───── Provided data ─────
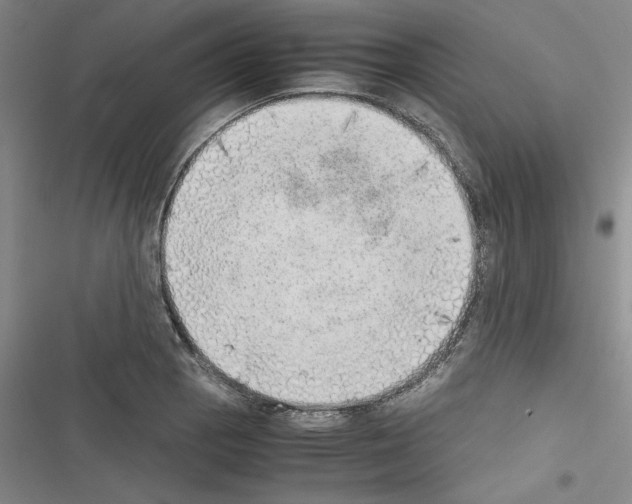 X0000116461129201001201254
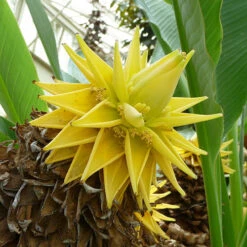 Architectural Banana Plant Collection -Garden Plants Sales 680114 3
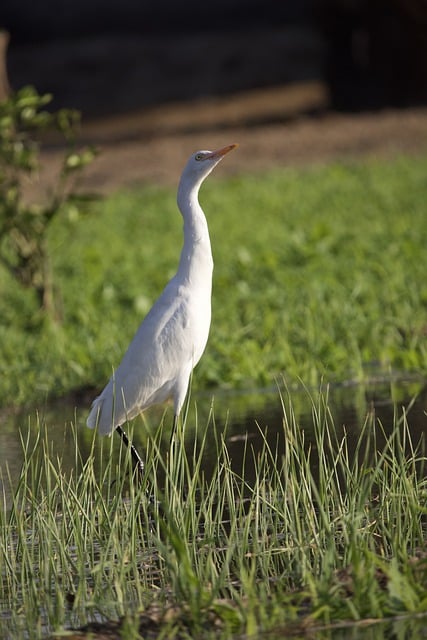 Free download cattle egret bird nature color free picture to be edited with GIMP free online image editor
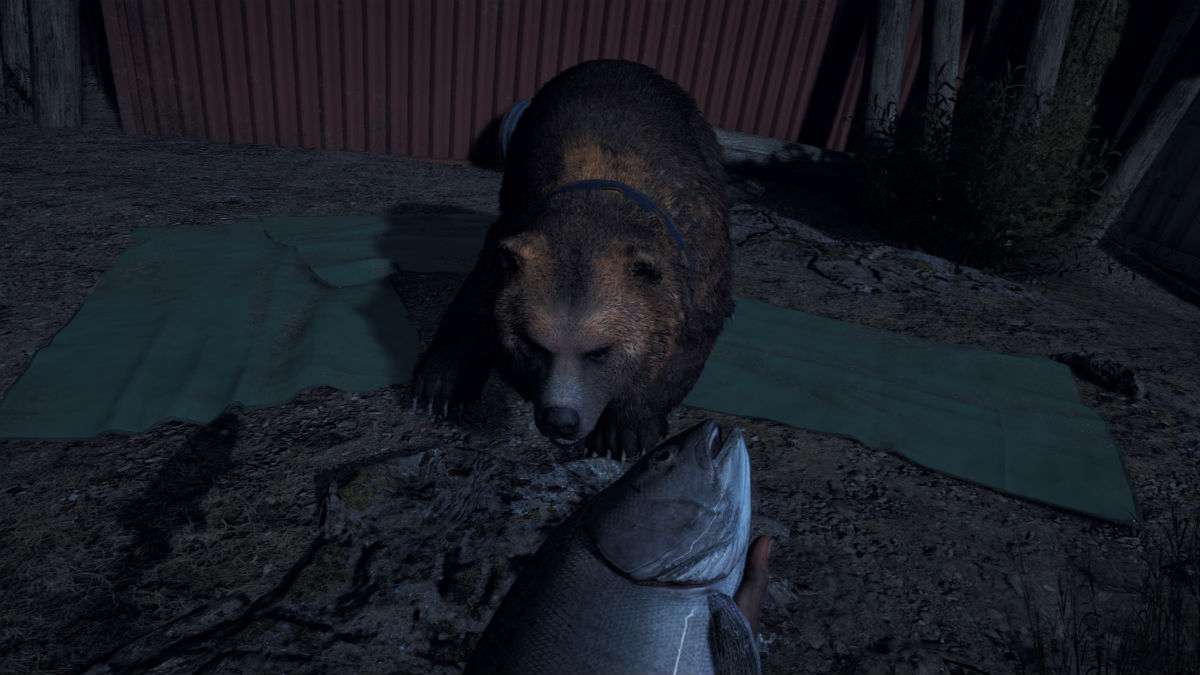 Cheeseburger the bear as seen from above in Far Cry 5 as the player feeds him a salmon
─────
Exercise objective
Reproduce all of the data exactly; the pictures do not belong in the copy.

Expected output
 X0000116461129201001201254
 Architectural Banana Plant Collection -Garden Plants Sales 680114 3
 Free download cattle egret bird nature color free picture to be edited with GIMP free online image editor
 Cheeseburger the bear as seen from above in Far Cry 5 as the player feeds him a salmon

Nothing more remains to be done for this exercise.